Washington, Tehran, Pyongyang, and…Munich? —Trump’s Dangerous Iteration of the Warped Legacy of ‘Appeasement’ in U.S. Foreign Policy

It will be 80 years next year since the Munich Agreement was signed by the leaders of France, Great Britain, Italy, and Germany. When the agreement’s stipulation of allowing Nazi annexation of the Sudetenland proved to be ineffective in achieving its intended purpose of acquiescing to one of Hitler’s demands in the short-term in the name of curtailing Nazi expansionism and preventing war, British Prime Minister Neville Chamberlain was accused by the world of appeasement. In 2017, the term appeasement is still being leveraged in foreign policy debates in the United States. From arguments on the right against the Obama administration’s Joint Comprehensive Plan of Action (JCPOA) with Iran, to Republican Senators critiquing the Obama administration’s food aid to North Korea, to President Trump criticizing South Korea’s attempt to organize military talks with Pyongyang, invoking appeasement has become a widely popular strategy for critiquing any kind of engagement with historically unfriendly regimes.


However ubiquitous, the accusation of appeasement carries serious weight. To make sense of these modern allegations of appeasement, it is necessary to unpack what the term actually meant in the context of Munich and how its distorted legacy came to shape U.S. foreign policy toward belligerent regimes. Situating current uses of appeasement in this historical context will demonstrate that President Trump’s conception of appeasement—particularly in the Iranian and North Korean contexts—constitutes a dangerous iteration of the infamous lessons of Munich.

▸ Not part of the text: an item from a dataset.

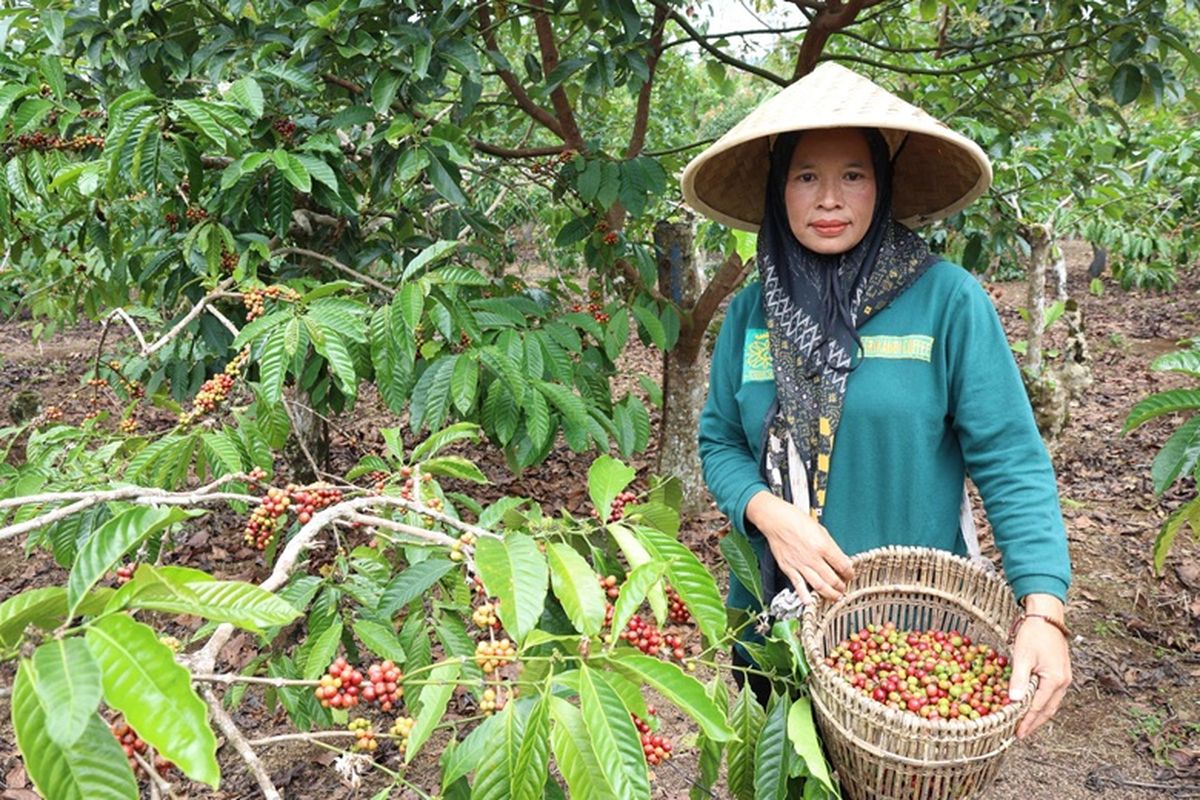 Petani kopi dari Koperasi Produsen Srikandi Maju Bersama mendapat program Inkubator LPDB untuk membangun bisnis secara berkelanjutan.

What did appeasement mean in 1938?


It is important to recognize that the terms of the Munich Agreement were a consequence of the specific goals and circumstances of Great Britain in 1938. Chamberlain knew that Great Britain was facing the possibility of single-handedly fighting a war with an increasingly expansionist Nazi regime in its own backyard. Chamberlain was also unconvinced that in the event of such a war, though Great Britain’s allies were rhetorically committed to preserving peace, he would receive enough military assistance to successfully resist Nazi expansion. As Thomas E. Ricks writes in Foreign Policy, “Appeasement is a position of negotiating with a strong state from a position of weakness.” While Great Britain was certainly not weak in the sense of lacking military or economic resources, its proximity to an aggressive Germany and uncertainty about the level of military commitment it would have from its allies put the country in a uniquely vulnerable geostrategic position in 1938.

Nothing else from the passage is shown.